**Exercise description:** Which lines belong in your copy? Those from the start of the data through the line with "Trump will be", exactly as written, without any pictures.
(Records to use Opens)
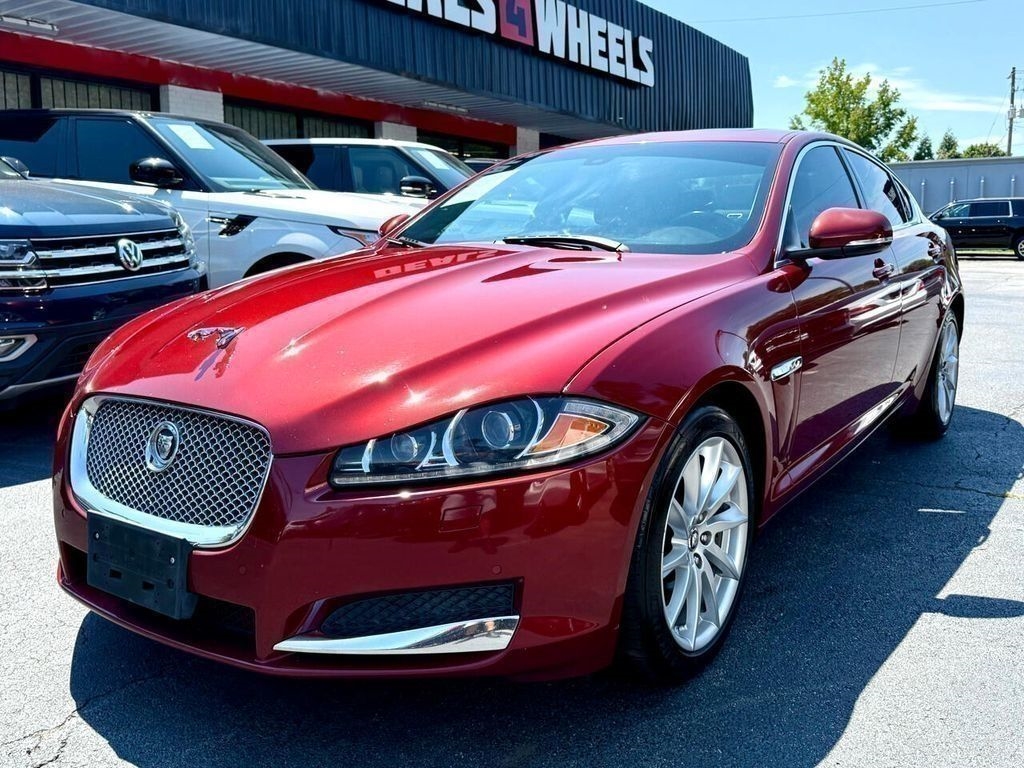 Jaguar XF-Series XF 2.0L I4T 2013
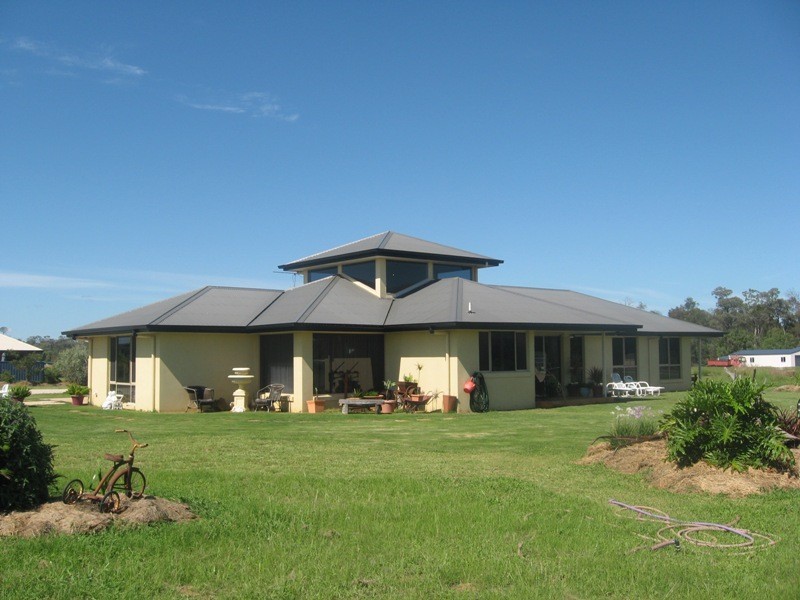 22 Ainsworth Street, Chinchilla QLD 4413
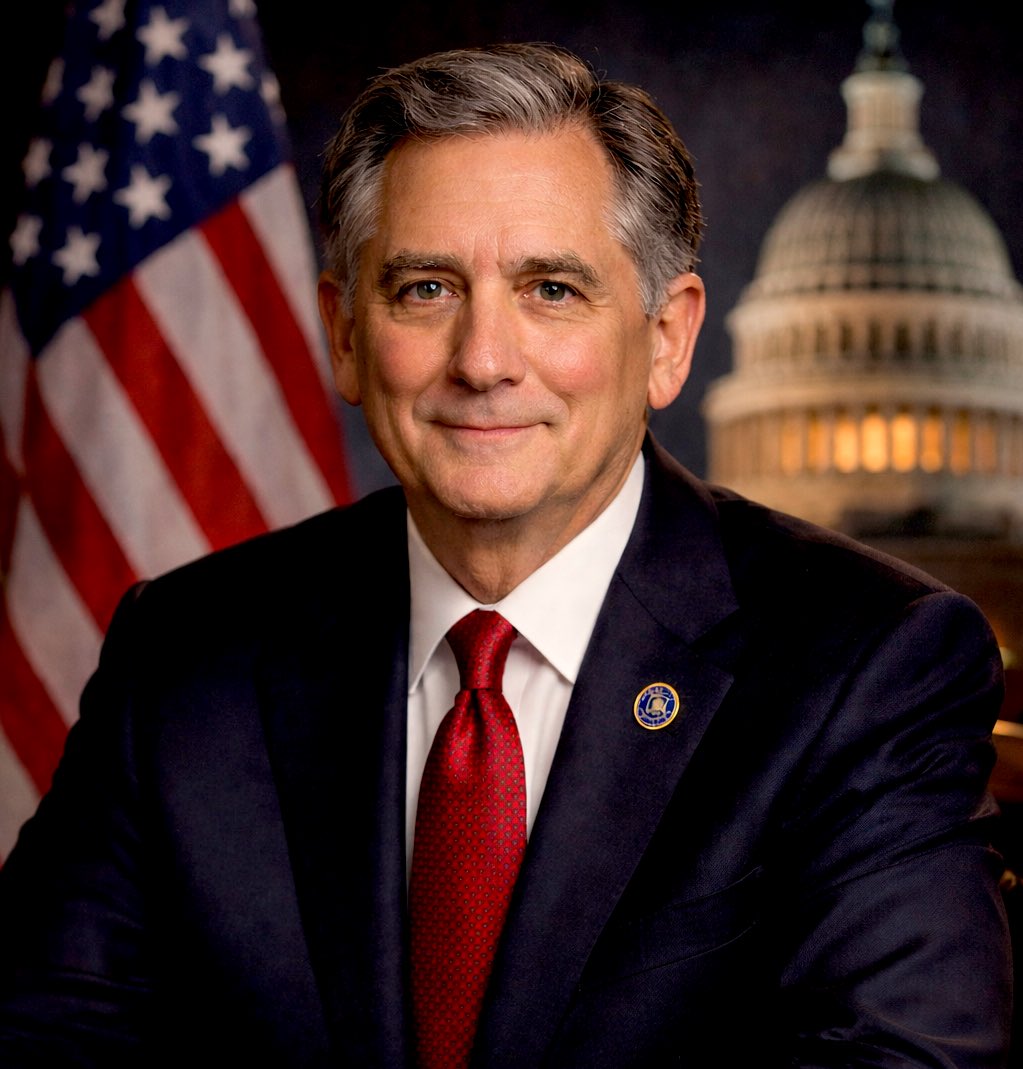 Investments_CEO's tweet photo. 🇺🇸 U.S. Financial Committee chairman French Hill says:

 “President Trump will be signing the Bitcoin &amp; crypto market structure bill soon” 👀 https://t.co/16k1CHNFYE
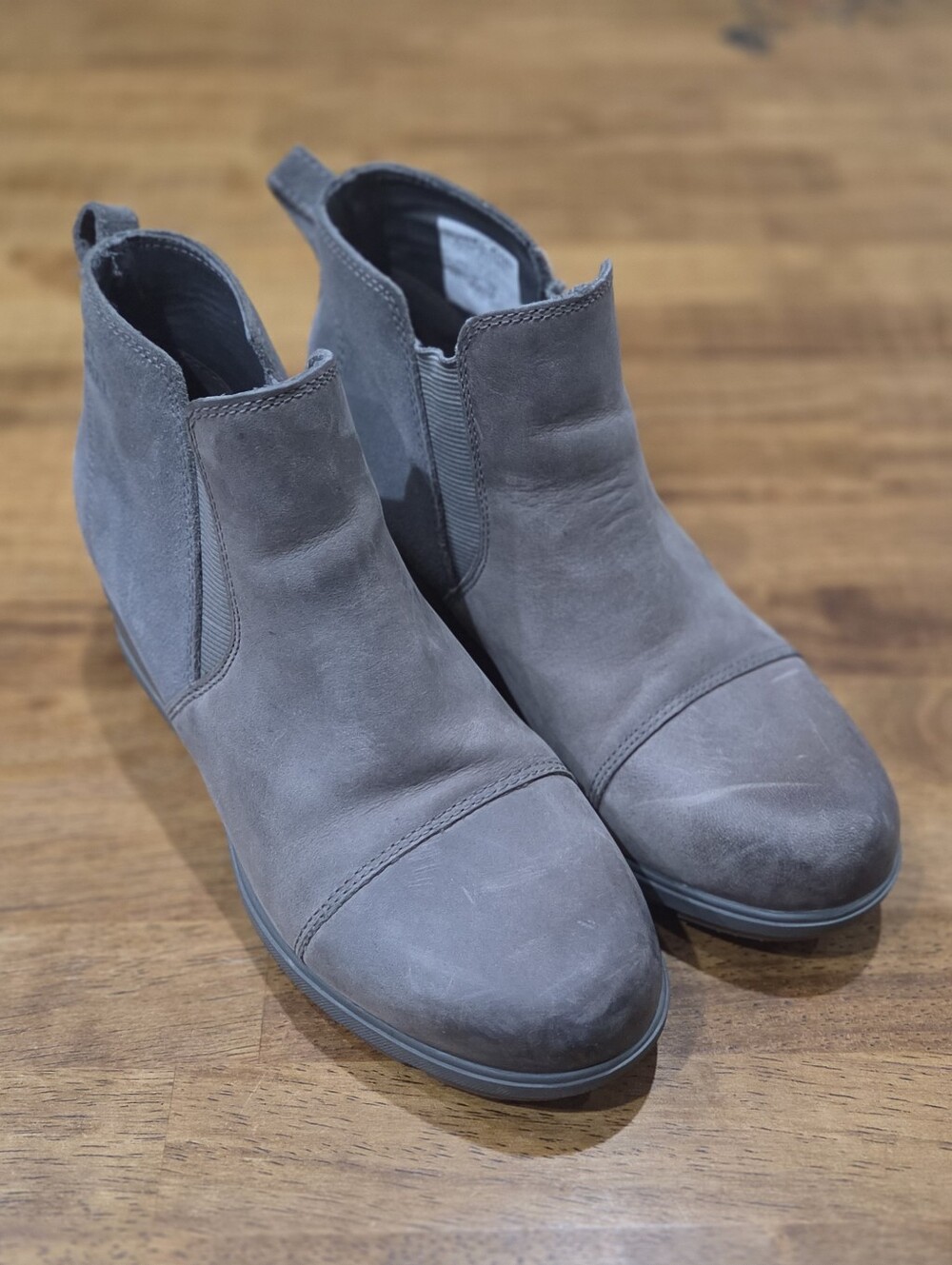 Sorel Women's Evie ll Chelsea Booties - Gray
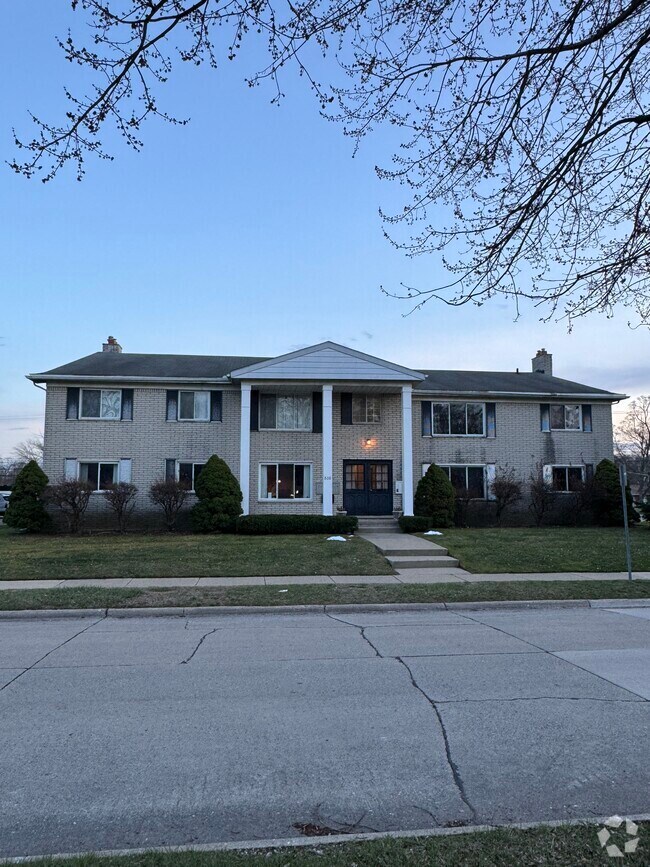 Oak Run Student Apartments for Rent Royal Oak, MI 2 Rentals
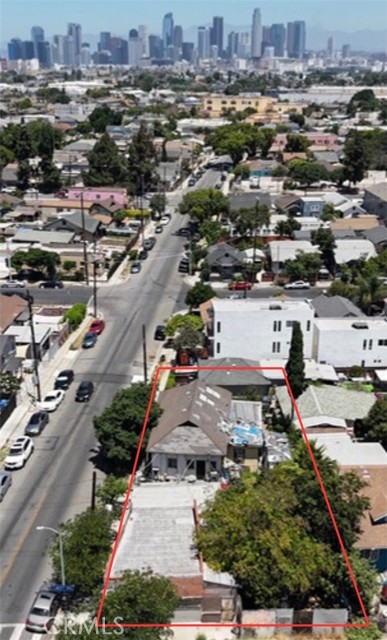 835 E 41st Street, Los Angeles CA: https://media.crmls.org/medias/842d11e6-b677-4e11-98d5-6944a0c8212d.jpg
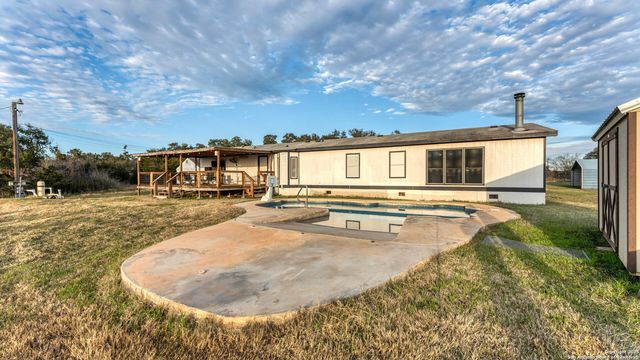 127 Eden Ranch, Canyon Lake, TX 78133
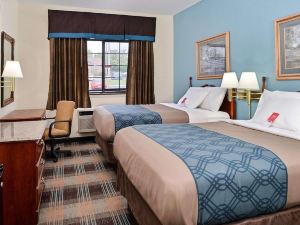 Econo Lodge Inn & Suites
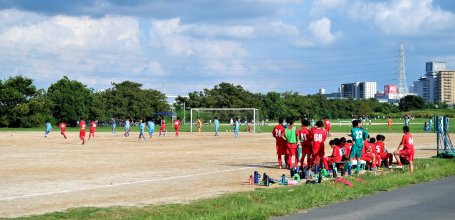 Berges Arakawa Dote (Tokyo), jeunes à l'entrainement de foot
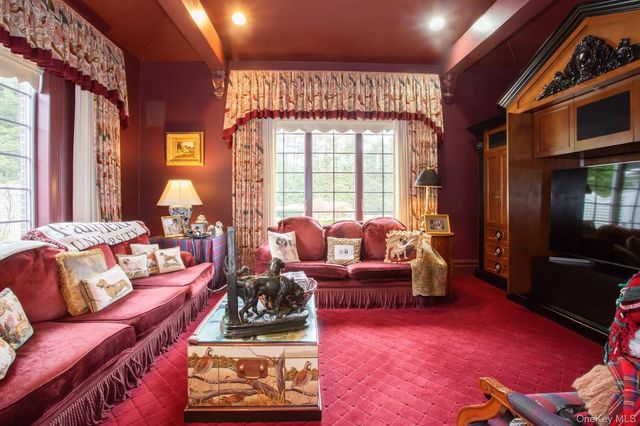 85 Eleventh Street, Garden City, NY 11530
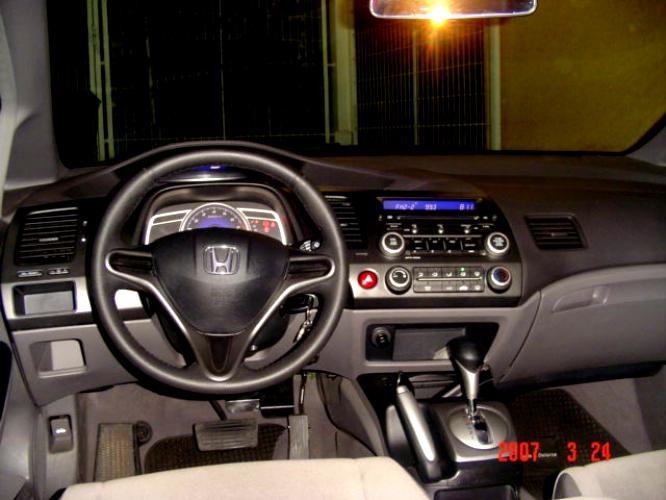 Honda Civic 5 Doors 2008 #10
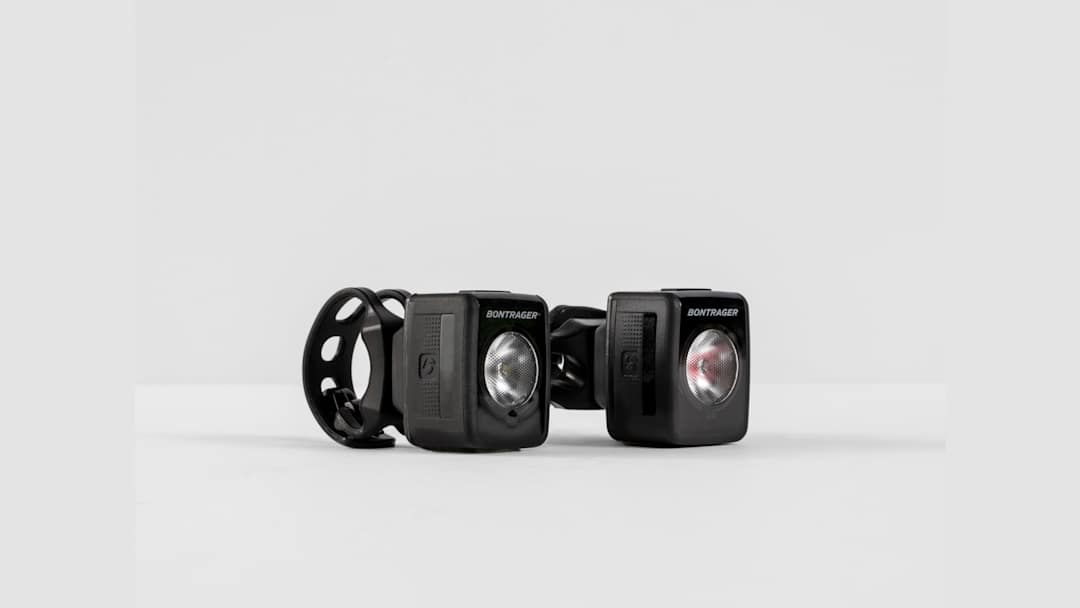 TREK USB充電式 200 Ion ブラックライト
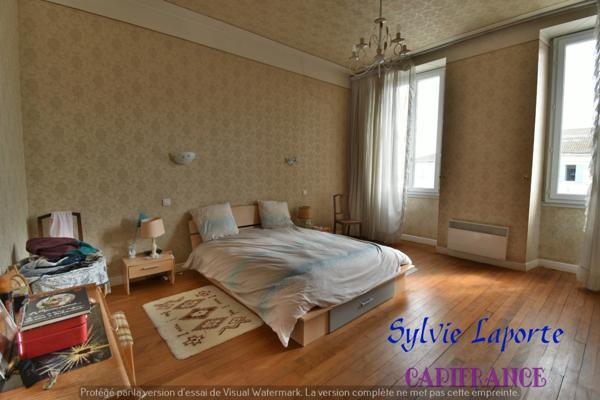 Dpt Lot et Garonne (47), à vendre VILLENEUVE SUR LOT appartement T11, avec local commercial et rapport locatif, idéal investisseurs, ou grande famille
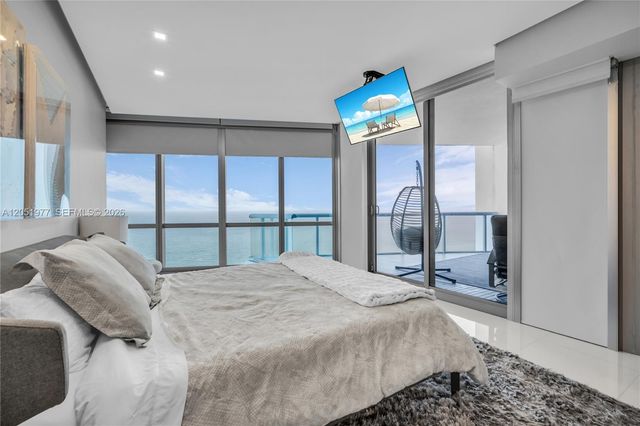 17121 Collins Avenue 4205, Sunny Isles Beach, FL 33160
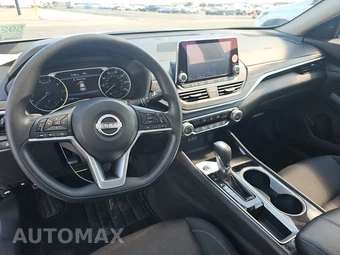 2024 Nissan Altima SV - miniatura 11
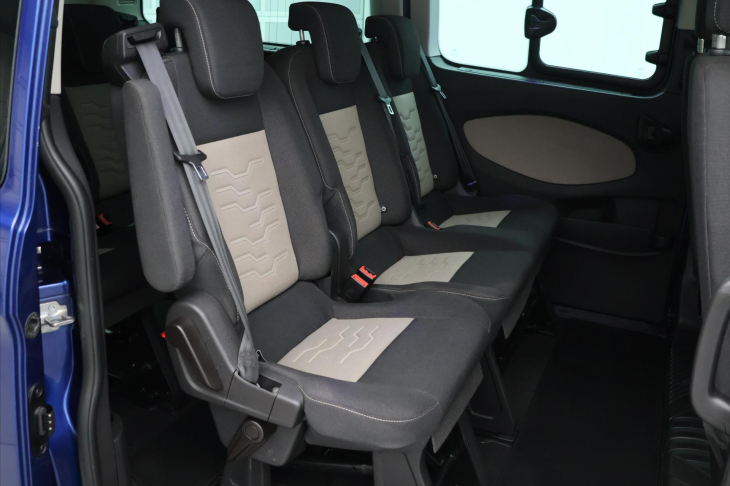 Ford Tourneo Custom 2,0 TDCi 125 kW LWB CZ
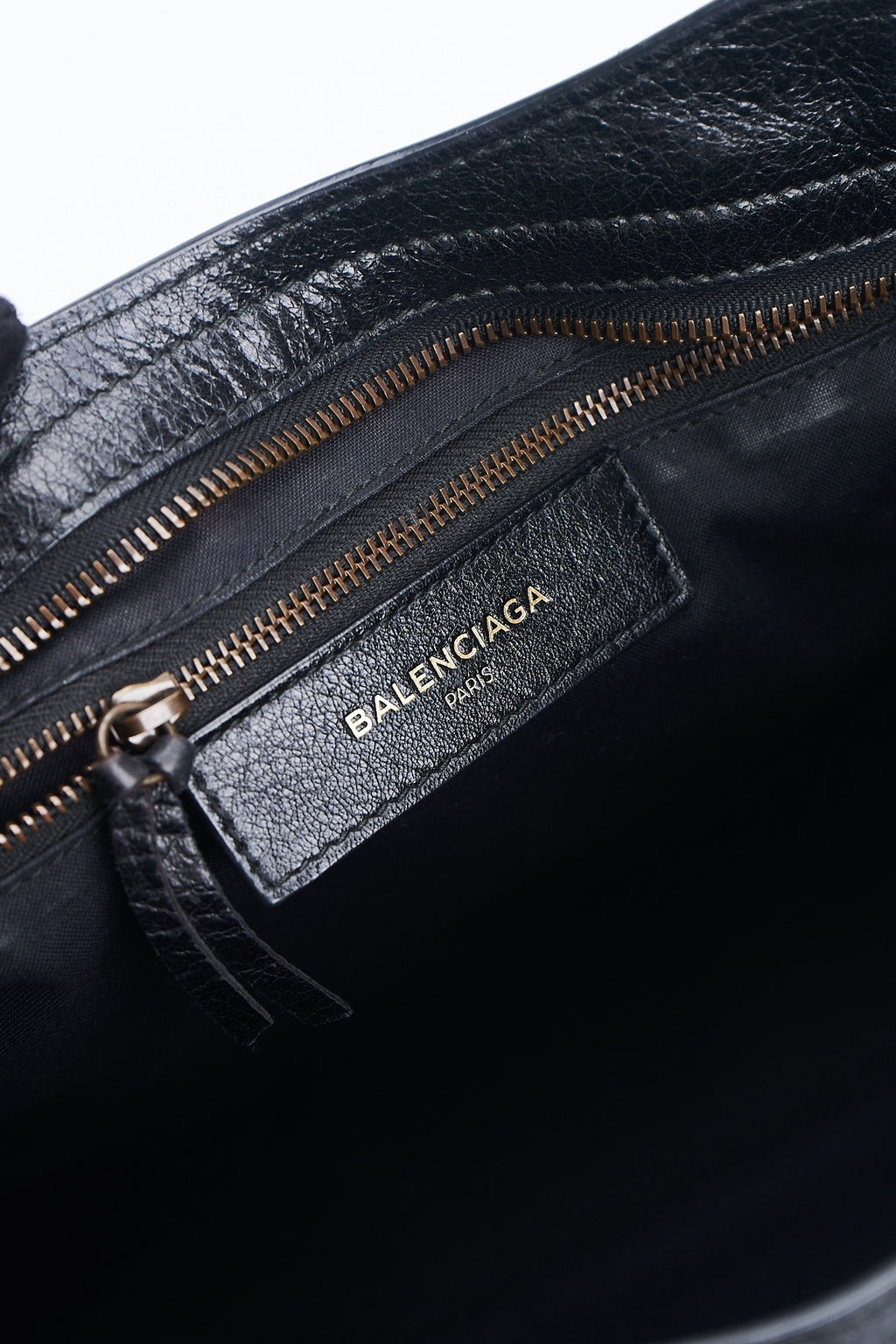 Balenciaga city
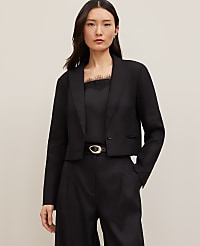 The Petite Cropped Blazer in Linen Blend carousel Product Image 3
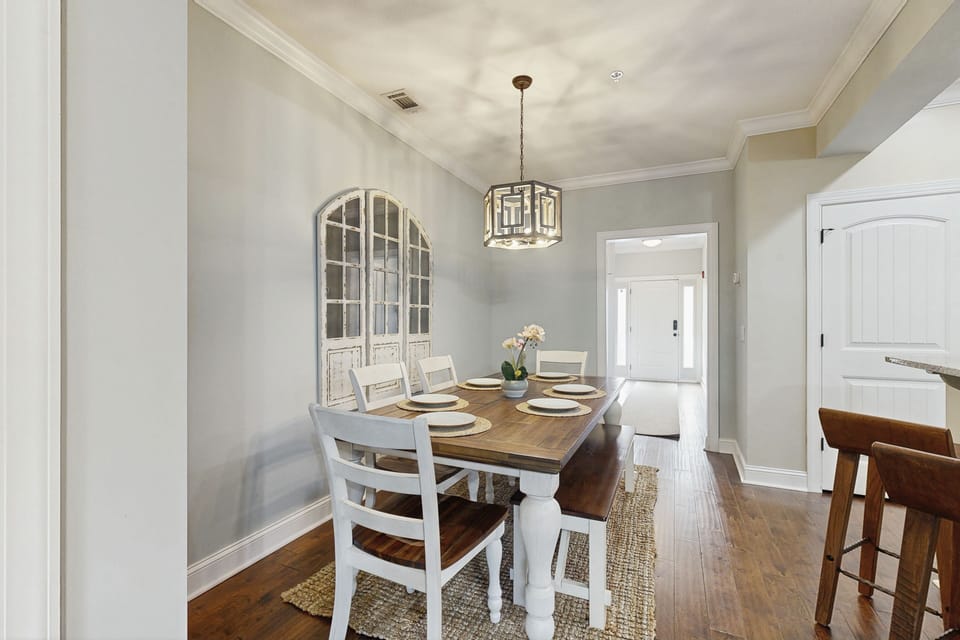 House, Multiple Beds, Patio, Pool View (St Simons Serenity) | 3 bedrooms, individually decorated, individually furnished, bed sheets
(Records to use Closes)
**Output for this exercise:**
 Jaguar XF-Series XF 2.0L I4T 2013
 22 Ainsworth Street, Chinchilla QLD 4413
 Investments_CEO's tweet photo. 🇺🇸 U.S. Financial Committee chairman French Hill says:

 “President Trump will be signing the Bitcoin &amp; crypto market structure bill soon” 👀 https://t.co/16k1CHNFYE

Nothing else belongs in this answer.